The Sirius Minerals PLC (LON:SXX) (SXX.L) share price has gained as much as 5% today after it released news of a major supply agreement.
It has signed a take-or-pay supply agreement with Cibra for the supply and resale of POLY4 into Brazil and certain other countries in South America.
Cibra is Brazil’s sixth-largest fertiliser distributor group. The deal is Sirius Minerals’ largest supply agreement, with it being for up to 2.5 Mtpa. The offtake agreement takes the company beyond its targeted 7 Mtpa, and suggests that it is making progress with its plans as it seeks to complete stage 2 financing.
The company has also agreed to take a 30% equity stake in Cibra in return for 95 million ordinary shares in Sirius Minerals.
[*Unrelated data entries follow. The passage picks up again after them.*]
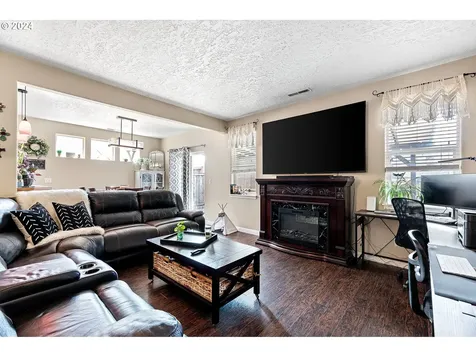 532 S 48th Place Springfield OR 97478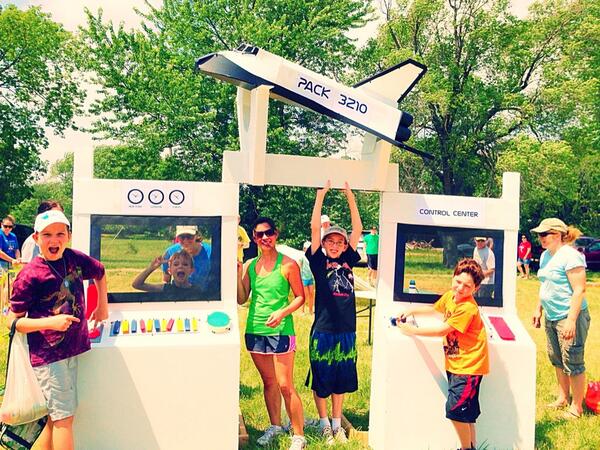 jenniferwolf74's tweet image. Need an awesome campsite entrance? See @junipert  He's amazing! #cubscout #daycamp #rockstars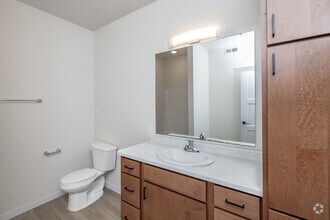 1BR, 1BA - 651SF - Bathroom - Vanne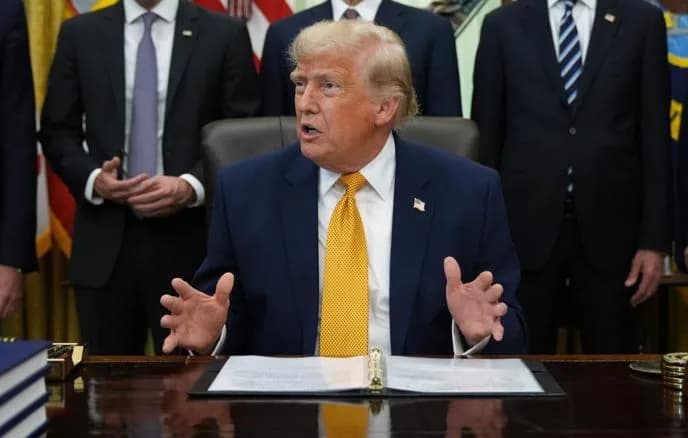 Трамп назвал расходы США на НАТО «безумными»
The supply arrangement takes the company’s aggregate peak contracted take-or-pay sales volume to 8.2 Mtpa.
In my view, the deal is a positive step forward for the business. In recent months it has been able to gradually increase its peak take-or-pay sales volume, with it now being ahead of previous targets. This could help to improve investor sentiment over the medium term, following its recent share price fall after the company reported that the cost of the project may be higher than previous expectations.
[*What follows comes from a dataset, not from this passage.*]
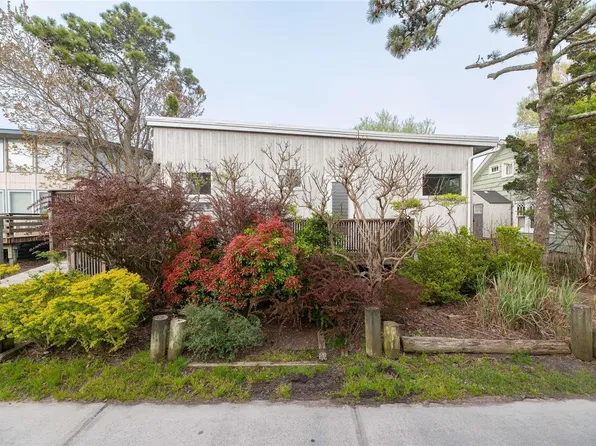 581 Bayberry Walk, Ocean Beach, NY 11770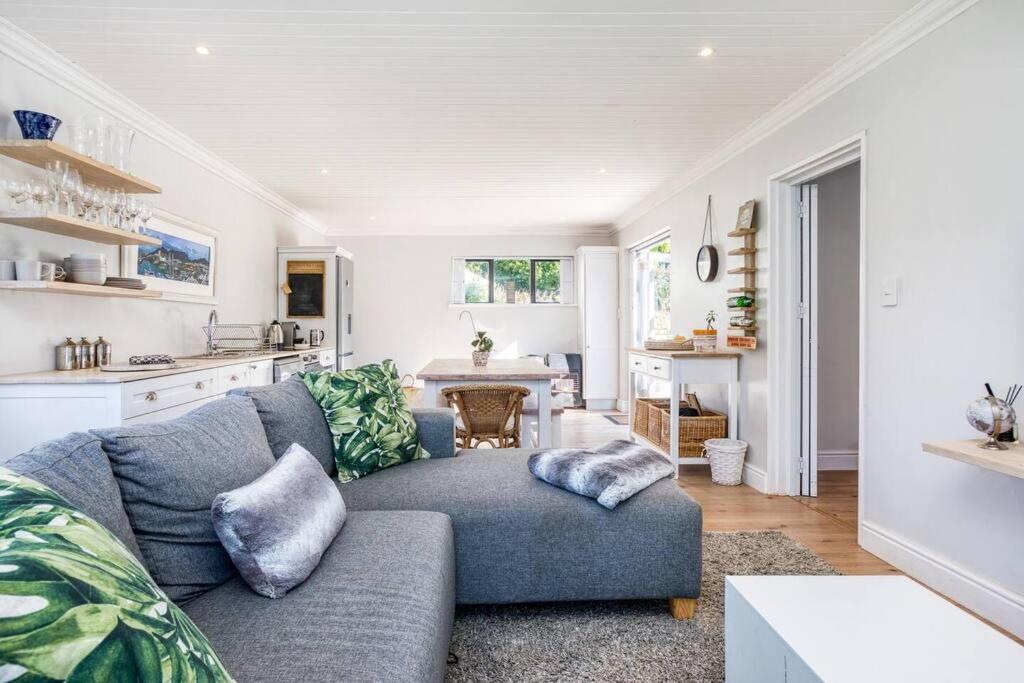 Maroon Belles Apartment Cape Town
While I still think that the Sirius Minerals share price could be risky and highly volatile, I remain optimistic about its long-term investment potential. It seems to be moving ahead with its overall strategy, and continued progress in this regard could see it deliver on its long-term financial and operational goals.
Since the stock has an NPV of around 230p per share and what seems to be a strong long-term growth outlook, I feel that it could deliver capital growth over the coming years. Within what I view as an appealing FTSE 350 resources sector, it could perform relatively well.